Online election, digital Voting on US America election day concept. VOTE text on a mobile phone display, black background. 3d illustration phone election tile politics text message tile / Getty Images
Online election, digital Voting on US America election day concept. VOTE text on a mobile phone display, black background. 3d illustration phone election tile politics text message tile / Getty Images

MONTGOMERY, Ala. (AP) - A liberal nonprofit organization based in Alabama says it will provide more than $10 million in grants over the next two years to increase voter outreach across the Deep South headed into the midterm election.

Announced by the Southern Poverty Law Center on Thursday, the Vote Your Voice initiative will be administered through the Community Foundation for Greater Atlanta. Grants ranging in amounts from $50,000 to $300,000 will be available to nonpartisan organizations in Alabama, Florida, Georgia, Louisiana and Mississippi.

Money will be available to register and mobilize minority voters and others, including people who have been removed from voting rolls and those who don't vote very often, the law center said.

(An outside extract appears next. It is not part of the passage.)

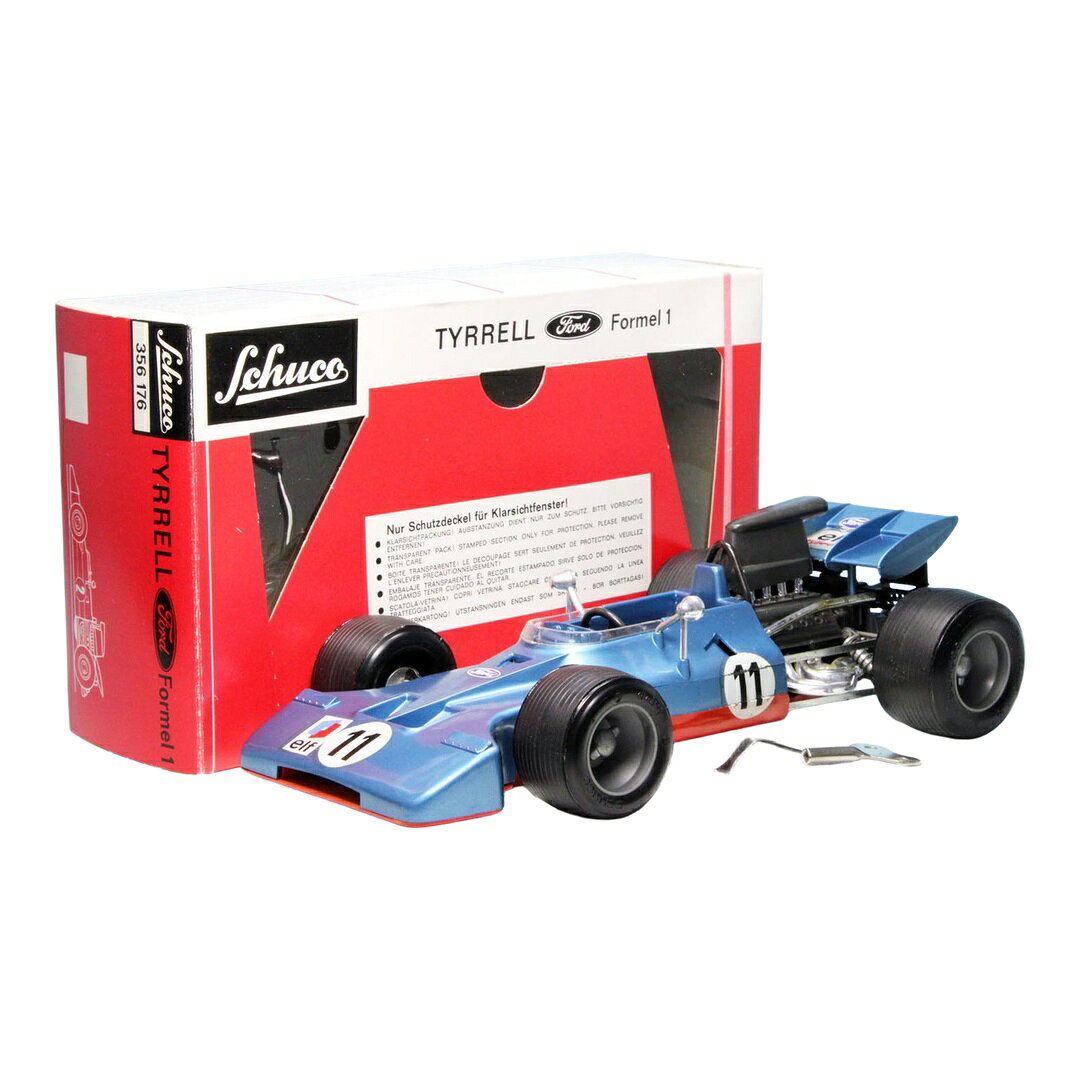 Tyrrellフォード Tyrrell-Ford Formula 1 レースカー 356176 / Schuco 1/16 ミニカー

The grants can also fund work to protect voting rights; restore the voting rights of people who were in prison; and engage communities about districting issues.

Democrats and progressive groups have accused officials in Georgia, Alabama and other Southern states of using rules and laws to suppress the minority vote. Republican supporters of such measures argue that restrictions are necessary to prevent voter fraud and to stop ineligible people from voting.

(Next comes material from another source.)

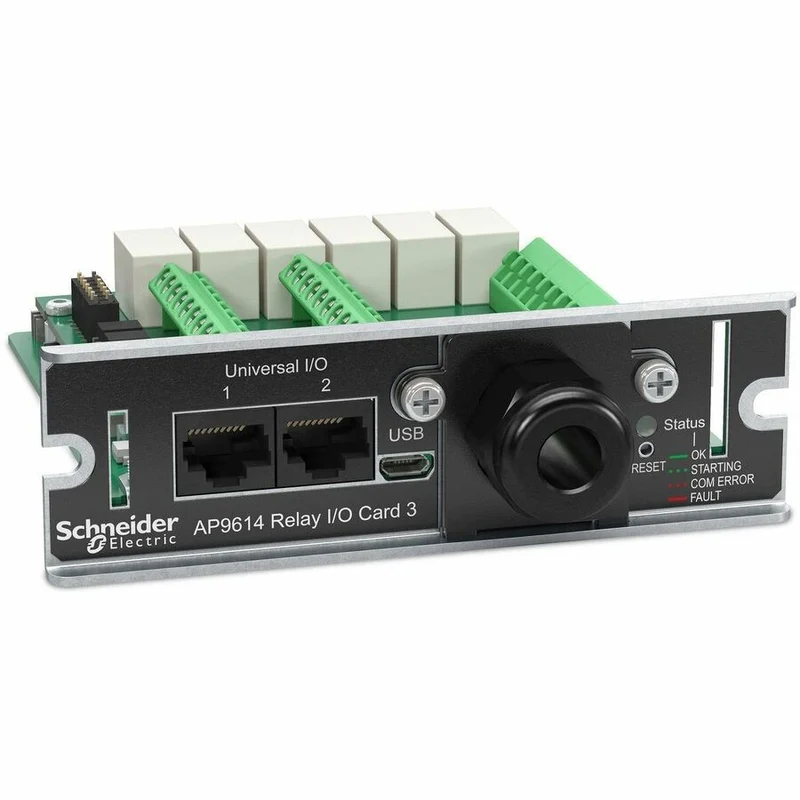 Adaptateur de gestion UPS APC by Schneider Electric AP9614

Vote Your Voice provided 40 groups in the five states with more than $12 million last year to help register voters and increase voting participation among people of color, the announcement said.

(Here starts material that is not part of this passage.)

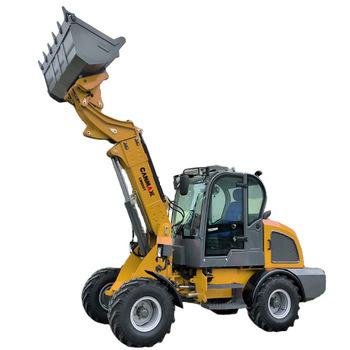 China Construction worksÂ   Hot Sale CM825T 2ton 2.5t Contract Telescopic Boom Arm Wheel Loader with Pallet Fork Best Price for sale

"We continue to believe deeply in empowering southern organizations to do the hard work on the ground registering, educating, and mobilizing voters regardless of what new barriers are erected or which longstanding ones fall in the coming years," the chief executive of the Southern Poverty Law Center, Margaret Huang, said in a statement.

Founded in 1971 in Montgomery to advocate for civil rights, the law center reported more than $543 million assets in 2018, tax documents show.